Why does a composer write music? Why does an artist paint? Why do two humans create another life? While the answers may vary, there is one common theme that is woven through each of these answers and that word is love.
The dictionary definition of love is
(n). an intense feeling of deep affection
An affection for music, an affection for beauty and color, an affection for another human, an affection for life, these are reasons that we create. We create to understand the universe we live in, we create to express the depth of human emotion, and we create to touch other people’s lives.
Why does a writer write? I am often asked this question and in writing two fiction novels, I struggle to gather all the reasons why and put that answer in one sentence. So, here are a few.
I write to make sense of my life.
I write to let others know that they are not alone.
I write to give a voice to the voiceless.
I write to bring healing.
I write to touch people’s lives with stories of redemption, for I believe each and every one of us is living some story of redemption.
I write to say the things that others want to say, yet cannot quite find the words to say them on their own.
There is no such thing as perfect writing or perfect art.

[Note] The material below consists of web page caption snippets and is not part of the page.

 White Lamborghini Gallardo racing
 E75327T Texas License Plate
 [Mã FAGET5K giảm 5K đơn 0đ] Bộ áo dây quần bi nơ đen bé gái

Whether you are writing a fictional story with motifs and symbolism that lace through the human heart in a metaphorical way or you are simply journaling the happenings of your day, don’t let this world tell you that you can’t do it. With an increased awareness of what other people are doing all around the internet, we can get so caught up in the lies. Your writing doesn’t measure up. There are so many other bloggers/writers out there, so why would you even think about starting your own? No one will read your stuff. You can’t write like all of those literature prodigies. They are lies.
Ask yourself, why do I write? If you are a musician, ask yourself why do I play music? Then, write all those things down. So, when you don’t measure up to someone else’s standards, or you have a bad day, or perhaps failed your piano solo, or receive a critical review that makes you believe that you are silly for even trying, take a step back and read your own words. Not the world’s words, but your own.

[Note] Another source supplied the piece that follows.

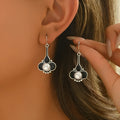 Silver retro fashion creative women's earrings with electroplated finish on alloy construction
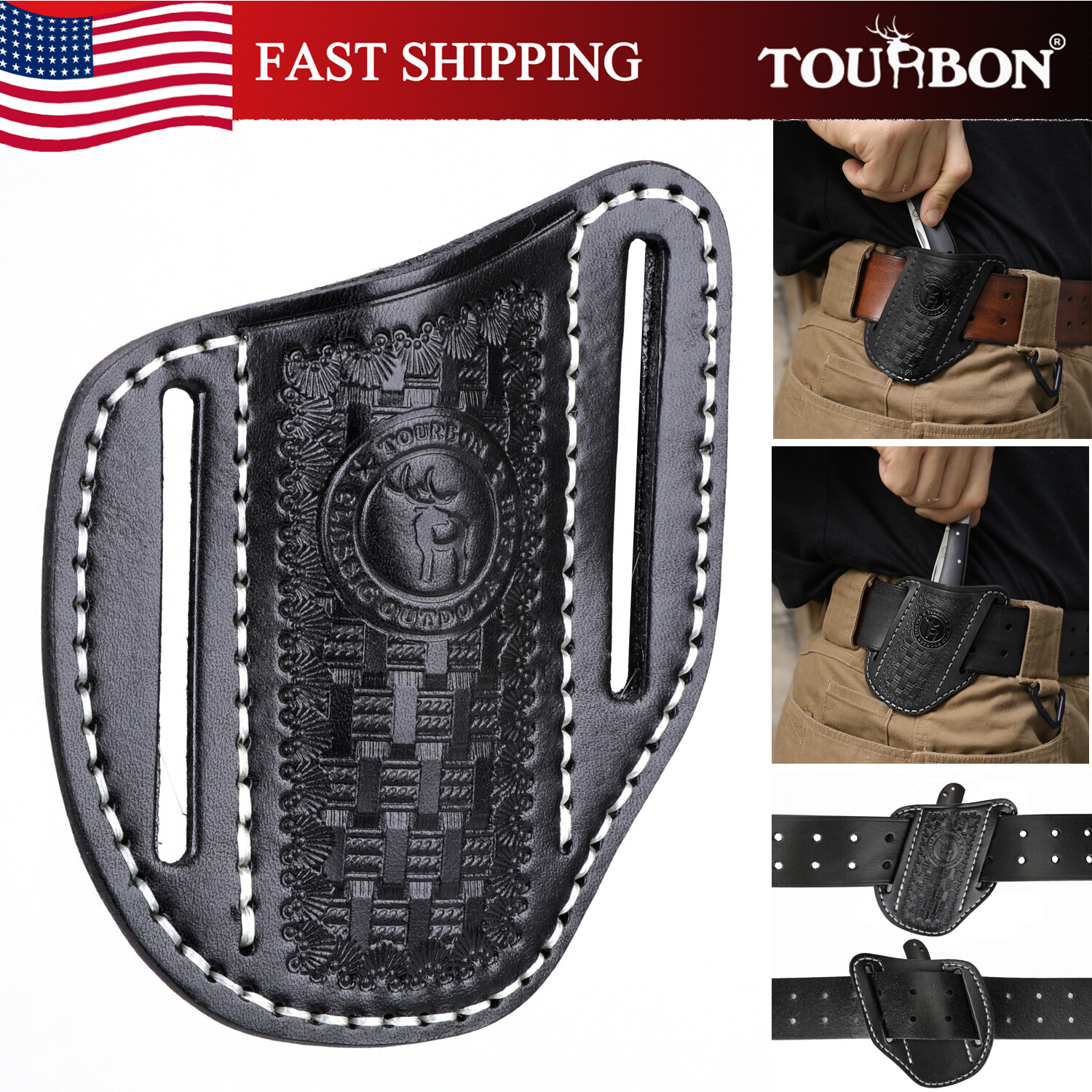 TOURBON Folding Pocket Knife Belt Holster Tool Carry Sheath Cover Gift Black US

I don’t write to become a New York Times Bestseller. I don’t write to make millions, nor do I write to receive recognition. I don’t write to receive 5 Stars on every single Amazon review, nor do I write to receive every ribbon and medal in the self-publishing circle.
Thus, when the days come when no one is buying my work, or I receive negative feedback from a stranger, I go back to my “Why I Write” list.
I write to bring hope, even if it’s only my own life. And, if that is the case, then all of it is worth it. So, create away, friend. No one is stopping you.